*WORK TO BE COMPLETED*
Produce an exact copy of the line containing "Deux personnes souriantes" and of every line after it in the material below, ending with the final line.
++++ MATERIAL PROVIDED ++++
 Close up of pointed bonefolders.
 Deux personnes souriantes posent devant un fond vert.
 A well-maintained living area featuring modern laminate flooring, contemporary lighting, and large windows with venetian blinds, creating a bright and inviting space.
++++
*SOLUTION TO THE PROBLEM*
 Deux personnes souriantes posent devant un fond vert.
 A well-maintained living area featuring modern laminate flooring, contemporary lighting, and large windows with venetian blinds, creating a bright and inviting space.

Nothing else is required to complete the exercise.